The report consists of two parts:

The first part is very theoretical. Let's see how the scheduler works, how statistics are collected and why, let us recall a little bit the theory of probability.
The second part will be more practical: why the scheduler sometimes mows down, which rakes and how they can be bypassed, and in the end there will be monitoring (how to understand that we have some problems with the base and what they are for).

How is the query in PostgreSQL? First, the application establishes a connection with PostgreSQL, sends the request body directly using the
connection pool (pgbouncer, etc.). Further this request is parsed to tokens and broken into pieces. The tree is built, transferred to the rewrite system, and then the most interesting part is the
planner / optimizer . In this place, we generate a query plan.
The scheduler can perform the same query in a bunch of different ways, and the more tables we have, the more ways we will get, this dependence grows as a factorial. Five tables - this is, let's say, some kind of constant 120,
10! - it will be a very large number. That is, we have a lot of plans, if we have a lot of tables, so you shouldn’t do queries with 20 join-s that a person cannot read normally, and the scheduler will be stupid at this point, and not will be able to choose the most optimal plan.
So, we got the plan, then we send it to the executor, which the plan executes step by step and then generates the result to the client.

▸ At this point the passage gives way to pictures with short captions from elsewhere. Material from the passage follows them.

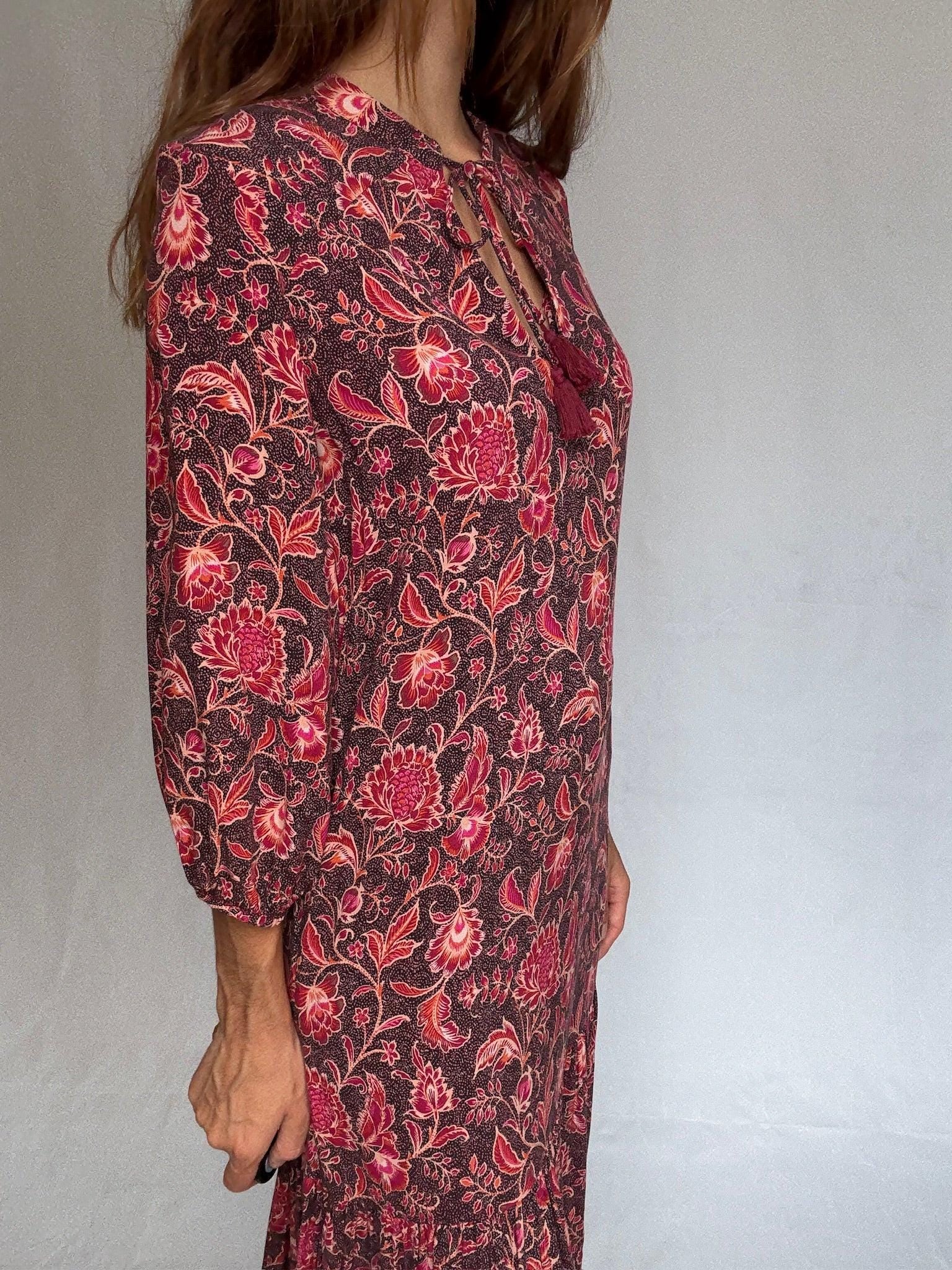Vintage floral midi dress with tie-neck and ruffle hem US letter size M Red and pink floral print, no tag but feels like viscose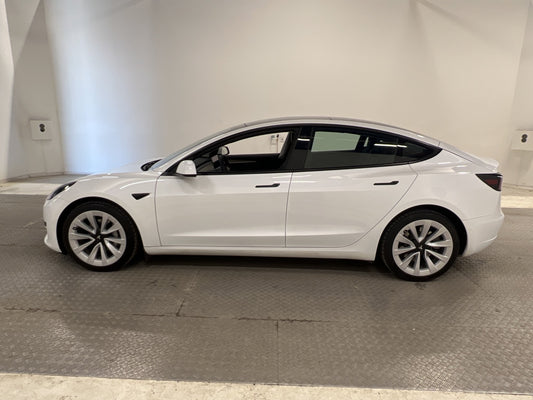 Tesla Model 3 Standard Range 325hk Svensksåld Autopilot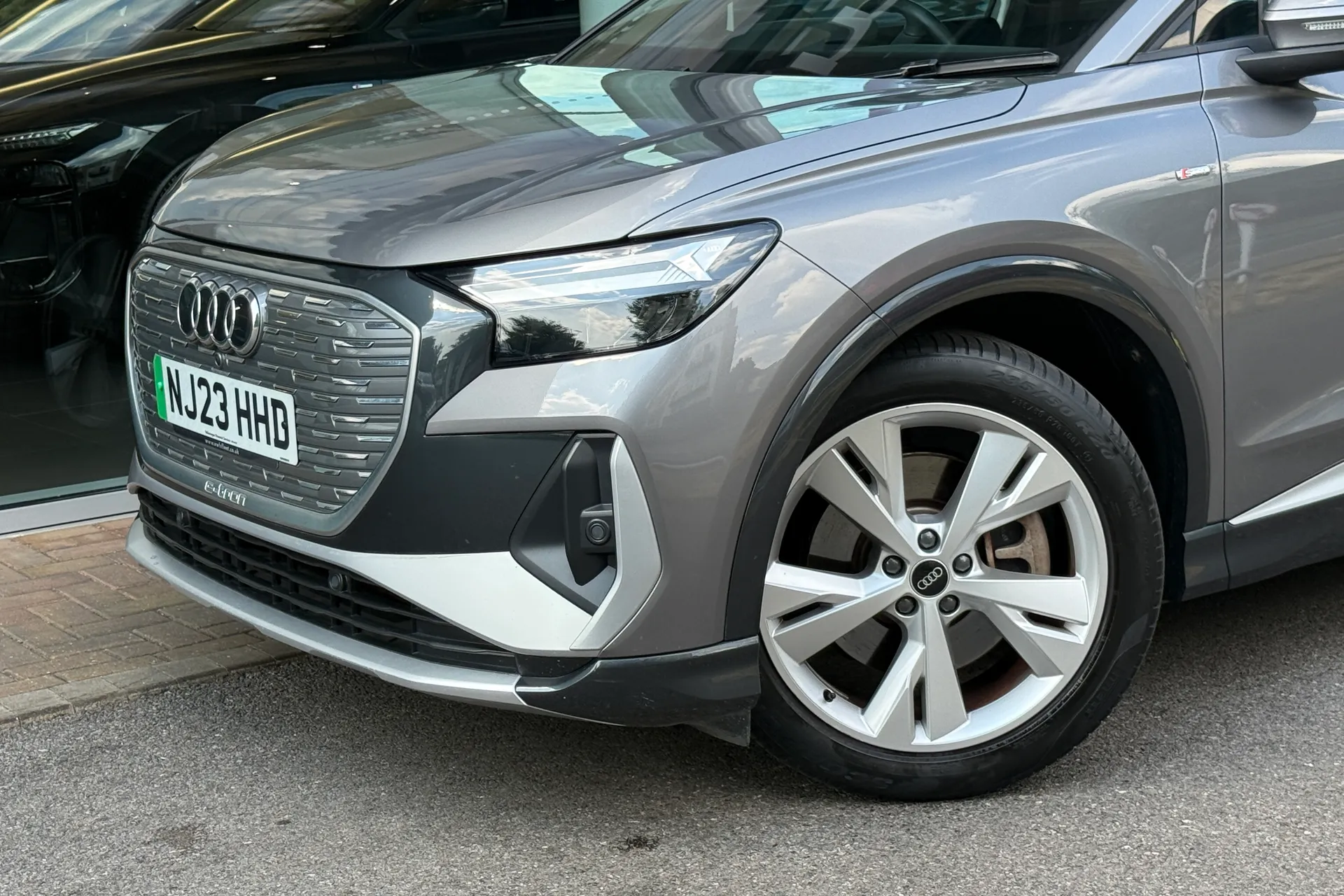 Audi Q4 thumbnail image number 54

Many execution plans are generated. For each such elementary operation (reading data from a table, sorting, combining results), the number of rows and the execution time in abstract parrots are estimated.

Create a test case. Suppose we have an abstract news site, on this site we have news and each news has a category, a numerical rating, and a content field with text.

Let's see what happened: the
\ d command shows information about the object in
psql . We see a lot of interesting things: what indexes, what fields, what attributes, in general, all that was expected.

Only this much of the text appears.